Starting at the line below holding "VW Tiguan Gebrauchtwagen VW" and stopping at the line holding "Механична геймърска клавиатура", print every line exactly, both ends included, and leave the rest out.

MATERIAL TO PROCESS:
———
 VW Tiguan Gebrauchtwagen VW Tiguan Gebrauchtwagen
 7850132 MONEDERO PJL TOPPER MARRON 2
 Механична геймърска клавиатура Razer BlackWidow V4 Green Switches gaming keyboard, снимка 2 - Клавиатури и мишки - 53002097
———
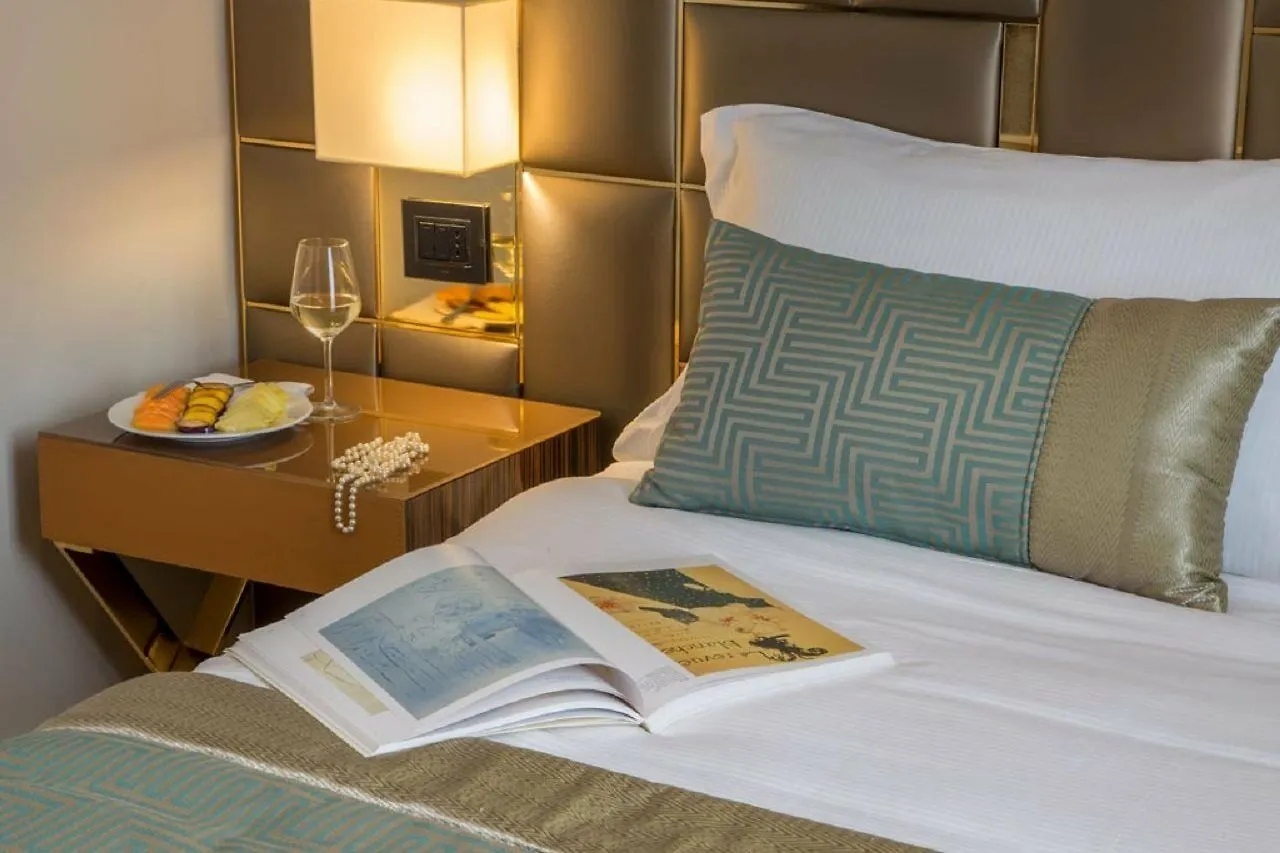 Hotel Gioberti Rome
———
EXERCISE RESPONSE:
 VW Tiguan Gebrauchtwagen VW Tiguan Gebrauchtwagen
 7850132 MONEDERO PJL TOPPER MARRON 2
 Механична геймърска клавиатура Razer BlackWidow V4 Green Switches gaming keyboard, снимка 2 - Клавиатури и мишки - 53002097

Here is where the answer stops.